Conversion routine for YOTC data

 

At the end of 2014 we introduced a new conversion routine and new file format and names. Main differences are:

1)   name and directory structure follow the CMIP5 DRS conventions;

2)   variable names follow the CMIP5 naming conventions where possible, otherwise we kept the ECMWF short names;

3)   we adapted the metadata to follow the CF conventions, in particular standard names have been used whenever available;

4)    we introduced a md5 checksum by variable as an attribute in the file, so the integrity of the data values can be assessed even if changes are done in the future to file names or other metadata;

5)    we stoppped using ncl which presented memory issues, had less flexibility and required more scripting, we started using a combination of cdo to go from grib to netcdf and nco/ncks to change the metadata.

 

As before we used a python script to create and submit to the queue the bash scripts which are contains the sequence of cdo and nco commands.

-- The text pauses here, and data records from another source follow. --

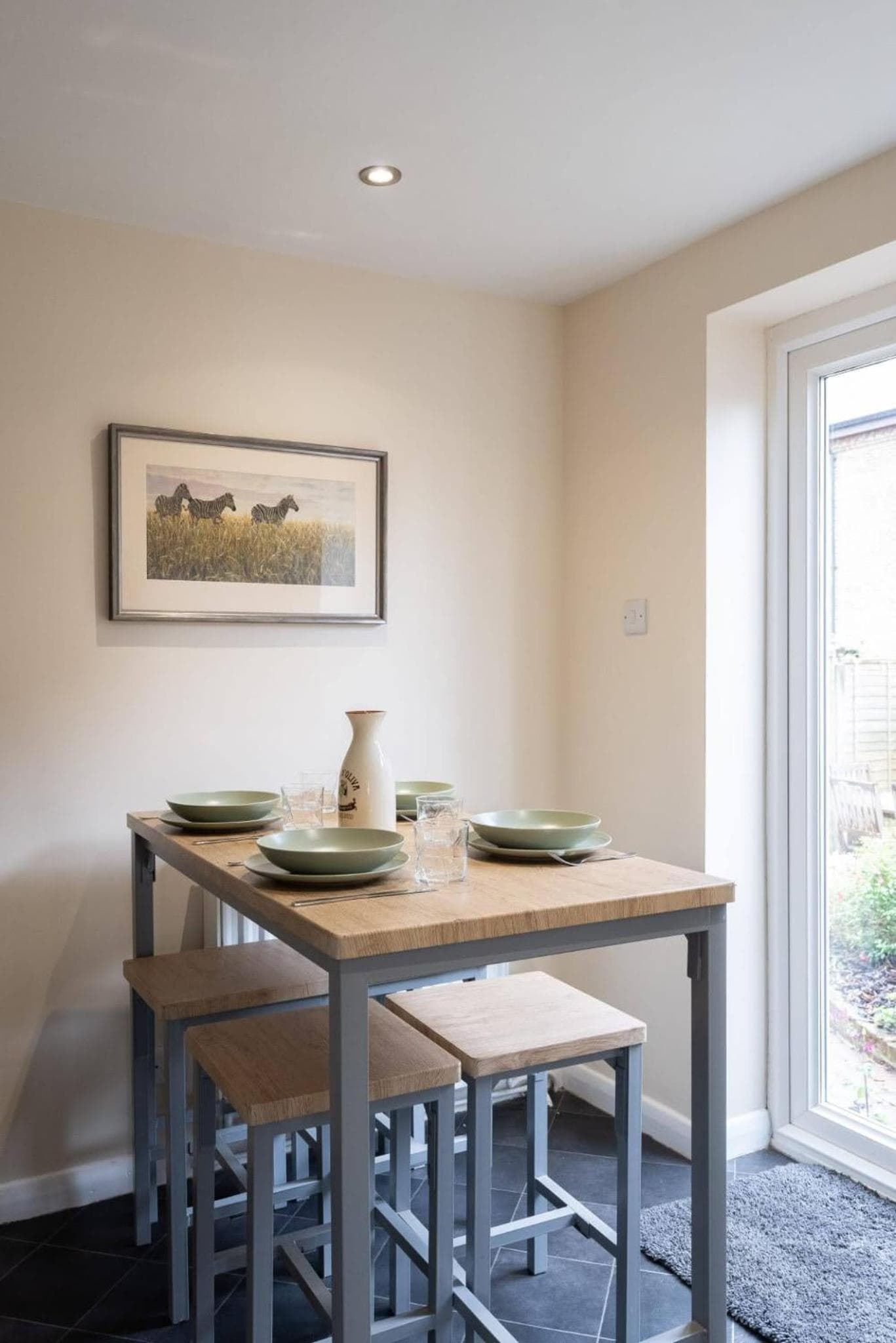 Quaint 3 bed Cottage in central Dorking with parking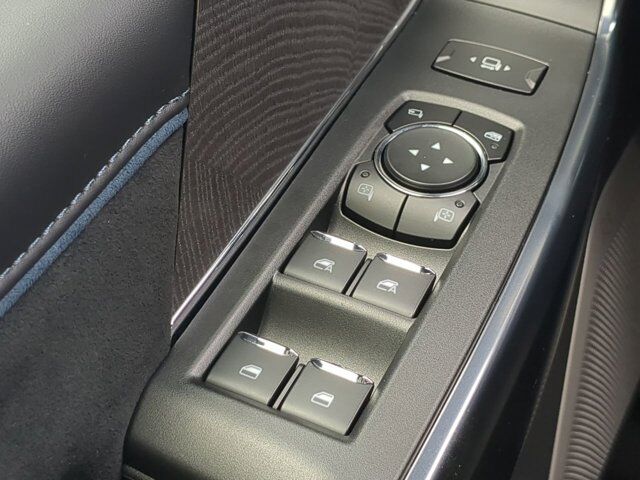 2025 Ford Super Duty F-450 DRW Platinum Appleton WI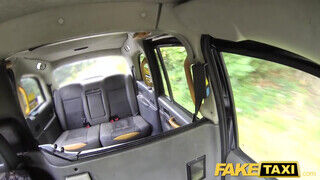 Fake Taxi - Lexi Lou popsiba dugva a taxiban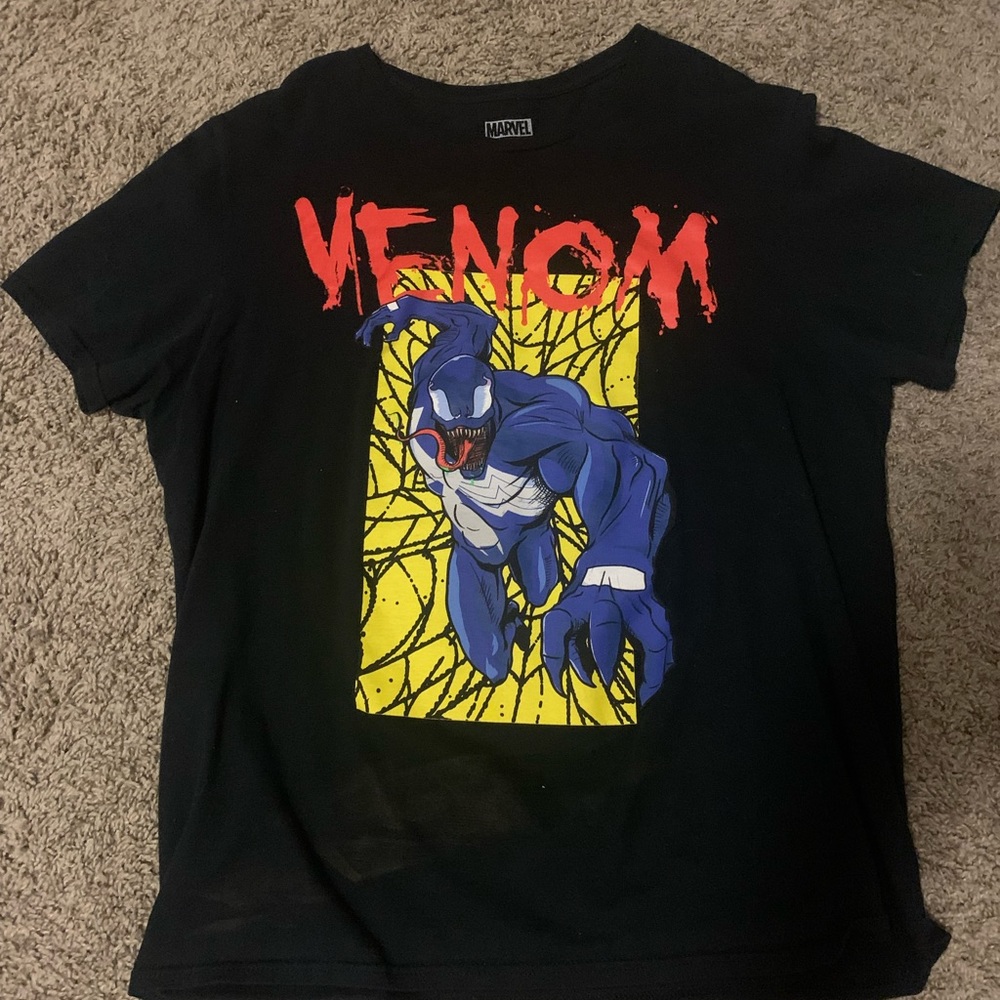 Large black graphic marvel tee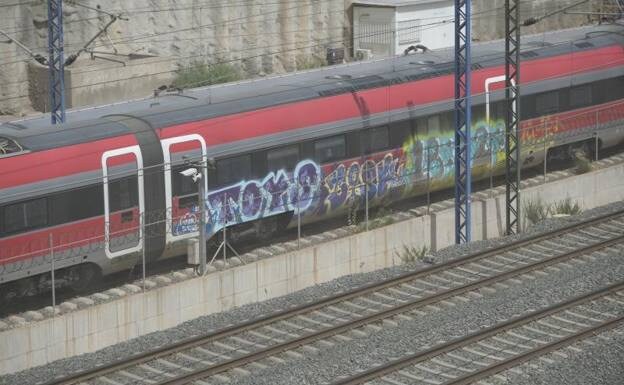 Those responsible sprayed paint on several carriages. 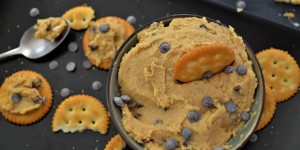 Beitragsbild des Blogbeitrags Rezept: Gesunder Cookie-Dough Dip aus Kichererbsen 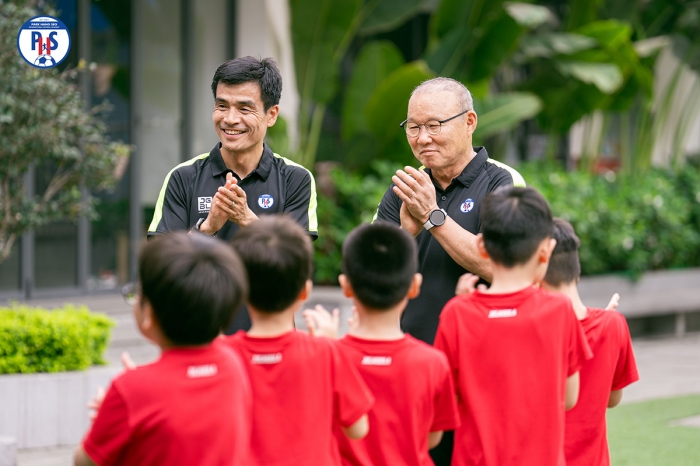 campuchia-len-tieng-tuong-lai-hlv-park-hang-seo-co-bien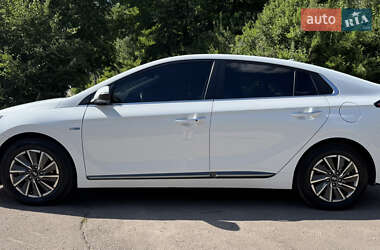 Лифтбек Hyundai Ioniq 2020 в 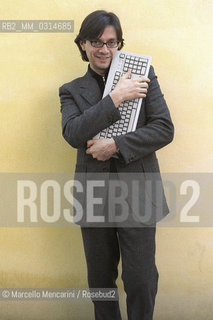 Milan, February 2000. Italian journalist and expert in New Economy Francesco Carlà / Milano, febbraio 2000. Francesco Carlà, giornalista ed esperto di New Economy - ©Marcello Mencarini/Rosebud2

An example of a bash script to convert eastward air velocity is shown and commented below.

 

Loading necessary modules, moving to working directory:

 

#! /bin/bash -l

        module load netcdf/4.3.0

        module load cdo/1.6.4

        module load nco/4.3.8

        cd /g/data1/rq7/YOTC/Scripts/Run/oper_an_pl/

 

The first line of actual code is a sequence of cdo commands:

 

cdo -f nc4 -z zip_5 -setpartabp,/g/data1/rq7/YOTC/Scripts/cdo_param_table -seldate,2008-05-21 -setreftime,2008-05-01,00:00:00 /g/data1/rq7/YOTC/grib/oper_an_pl/U/2008/U_yt_oper_an_pl_0125x0125_90N0E90S35925E_20080521_20080525 ua_6hrs_YOTC_historical_an-pl_20080521.nc

 

“-f nc4” sets the output netcdf file format as netCDF4 – HDF5. This format supports per-variable compression, for a reference https://www.unidata.ucar.edu/software/netcdf/docs/netcdf/NetCDF_002d4-Format.html

 

 “-z zip_5” sets the compression level to 5, which is a good compromise between size and writing/reading speed, this is based both on experiments conducted by the CMS and in available literature

{references: www.hdfgroup.org/pubs/papers/2008-06_netcdf4_perf_report.pdf

http://www.unidata.ucar.edu/blogs/developer/entry/converting_grib_to_netcdf_4 }

 

“-setpartabp,/g/data1/rq7/YOTC/Scripts/cdo_param_table” tells cdo to use the indicated parameter table to retrieve metadata about the variable.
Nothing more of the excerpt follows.